Mumbai building crumbles “like pack of cards”, killing 39

MUMBAI,  (Reuters) – At least 39 people were killed and dozens injured after an illegal, half-constructed building collapsed in seconds “like a pack of cards” on the outskirts of India’s financial centre Mumbai, officials and witnesses said.

Rescue workers using cranes and bulldozers searched for survivors in the wreck of steel and concrete on Friday after the seven-storey building crumbled on Thursday night.
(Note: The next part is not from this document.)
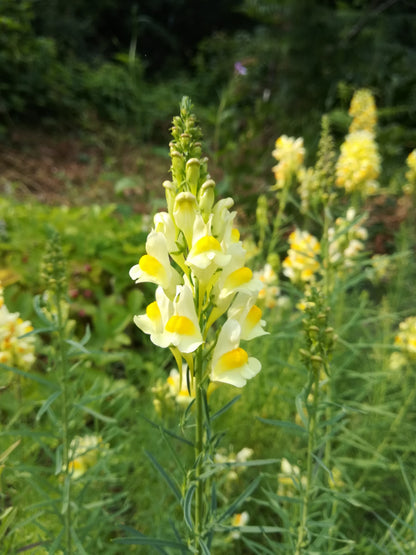 Toadflax
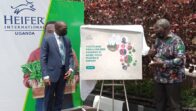 Ebonylife Studios, Will Packer Productions and Universal Pictures nab Competitive Rights to Bloomberg Article “The Fall Of The Billionaire Gucci Master”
Residents said labourers paying rent of around $5 a day had lived in it.

A shortage of cheap homes in Asia’s third-largest economy has led to a rise in illegal construction by developers who use substandard materials and shoddy methods in order to offer rock-bottom rents to low-paid workers.

“The building collapsed like a pack of cards within three to four seconds,” said Ramlal, a local resident. “It just tilted a bit and collapsed,” he said.

The building, which was in a forested area in the city of Thane, had been made using poor materials and without proper approvals, said Sandeep Malvi, a spokesman for licencing authority the Thane Municipal Corporation.

He said 39 people had been killed and 69 injured. Indian media quoted officials giving higher death tolls.

Rescue workers pulled an infant alive from the rubble as they used jackhammers and other equipment to cut through metal and concrete in their hunt for survivors.

Police said they were searching for the builders and would charge them with culpable homicide in connection with the disaster.

“Unauthorised constructions are a product of unavailability of affordable housing,” said Lalit Kumar Jain, president of the Confederation of Real Estate Developers of India.

A sharp rise in property prices in densely populated Mumbai over the past five years has put housing out of reach for tens of thousands of lower earners, many of whom moved to the city in search of jobs, and who now sleep on the streets or in slums.

In 2012, India’s urban housing shortage was estimated at nearly 19 million households, according to a report by the Ministry of Housing and Urban Poverty Alleviation.